(Stored dataset items)
====

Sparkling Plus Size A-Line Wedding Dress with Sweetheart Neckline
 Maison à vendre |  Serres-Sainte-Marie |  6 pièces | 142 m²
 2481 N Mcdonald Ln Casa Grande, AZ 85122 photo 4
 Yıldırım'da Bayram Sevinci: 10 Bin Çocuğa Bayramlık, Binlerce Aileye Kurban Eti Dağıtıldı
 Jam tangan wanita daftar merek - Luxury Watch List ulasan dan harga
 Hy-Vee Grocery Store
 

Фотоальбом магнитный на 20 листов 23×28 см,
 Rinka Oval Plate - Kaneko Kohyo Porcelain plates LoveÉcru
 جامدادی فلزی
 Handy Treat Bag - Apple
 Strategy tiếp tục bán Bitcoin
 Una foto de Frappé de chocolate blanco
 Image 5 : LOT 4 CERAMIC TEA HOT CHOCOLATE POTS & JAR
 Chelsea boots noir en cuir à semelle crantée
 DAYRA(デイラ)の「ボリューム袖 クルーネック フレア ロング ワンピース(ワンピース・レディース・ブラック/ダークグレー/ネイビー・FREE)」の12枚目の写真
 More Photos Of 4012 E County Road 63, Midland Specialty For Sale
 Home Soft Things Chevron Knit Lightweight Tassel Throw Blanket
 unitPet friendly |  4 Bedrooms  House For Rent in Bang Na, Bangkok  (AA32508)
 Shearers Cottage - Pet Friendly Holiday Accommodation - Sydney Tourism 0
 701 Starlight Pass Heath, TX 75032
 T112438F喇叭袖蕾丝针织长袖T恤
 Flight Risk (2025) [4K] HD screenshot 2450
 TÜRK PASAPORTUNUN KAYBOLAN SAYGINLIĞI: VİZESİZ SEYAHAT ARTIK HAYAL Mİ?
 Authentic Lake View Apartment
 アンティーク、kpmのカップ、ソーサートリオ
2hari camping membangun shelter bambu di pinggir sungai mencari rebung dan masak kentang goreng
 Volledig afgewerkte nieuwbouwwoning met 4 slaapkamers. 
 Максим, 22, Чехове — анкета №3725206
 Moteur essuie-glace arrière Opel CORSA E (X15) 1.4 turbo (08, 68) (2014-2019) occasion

====

Print nothing but the lines from the one that contains "Volledig afgewerkte nieuwbouwwoning" to the final line of the data, both included, exactly as they read.

 Volledig afgewerkte nieuwbouwwoning met 4 slaapkamers. 
 Максим, 22, Чехове — анкета №3725206
 Moteur essuie-glace arrière Opel CORSA E (X15) 1.4 turbo (08, 68) (2014-2019) occasion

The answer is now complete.